= Luciano Capicchioni =

Sammarinese-American sports agent (1946–2021)
Luciano Capicchioni (14 July 1946 – 2 March 2021) was a Sammarinese-American sports agent. He was known by the nickname "Lucky".

==Biography==
As a teenager, Capicchioni moved to the United States with his father and two sisters. In 1965, he founded the cycling team at Michigan State University. He received a BA from Michigan State and a doctorate from the University of Bologna.Upon his return to Europe, he founded the San Marino Basketball Federation. In 1969, he founded the Federazione Sammarinese Baseball-Softball, of which he was the President until 1972. From 1979 to 1984, he served as Vice-President of the Sammarinese National Olympic Committee, a position in which he oversaw the Olympic Games in Los Angeles and Moscow. In 1980, he was the San Marino Olympic Delegation in Moscow.

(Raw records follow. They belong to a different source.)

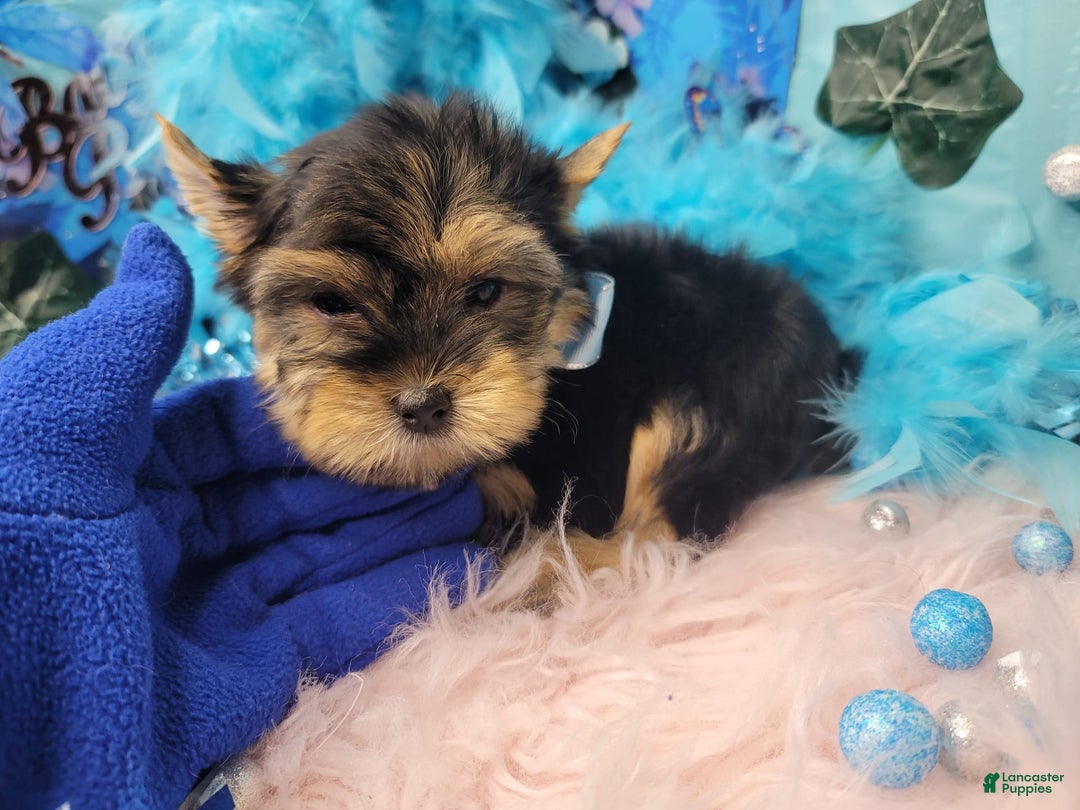 Yorkshire Terrier dogs for sale: R Ythm - Image 4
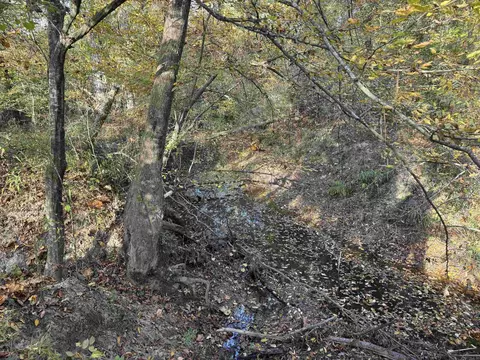 000 Sulpher Springs Rd, Pine Bluff, AR 71603 photo 28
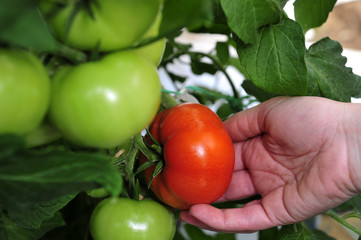 Red and green tomatoes on plant 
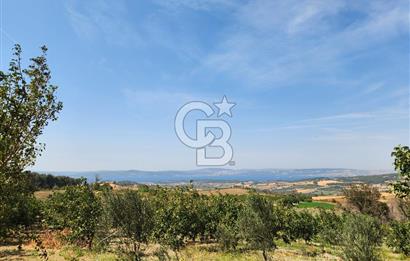 ÇANAKKALE MERKEZ KIZILKEÇİLİ DENİZ MANZARALI HAYALLERDEKİ TARLA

In 1986, Capicchioni founded the agency Interperformances, which represented professional athletes worldwide, including Toni Kukoč, Predrag Danilović, Arvydas Sabonis, Peja Stojaković, Zydrunas Ilgauskas, and Manu Ginóbili. His main American partner in representing players in the NBA was Herb Rudoy. He also represented soccer, American football, volleyball, and baseball players. His son, Manuel, joined the company in 1998.

In 2002, Capicchioni became owner of the basketball club Basket Rimini Crabs of the Italian Legadue Basket. He left the team in 2006 but made a significant monetary contribution in March 2010, allowing the financially-troubled club to compete for the remainder of the season. Throughout the next few years, he helped to remedy the club's financial struggles, which resulted in its survival. In 2018, he restructured the club maintaining only the youth team, but then sold it entirely to Rinascita Basket Rimini.

Luciano Capicchioni died on 2 March 2021 in San Marino at the age of 74.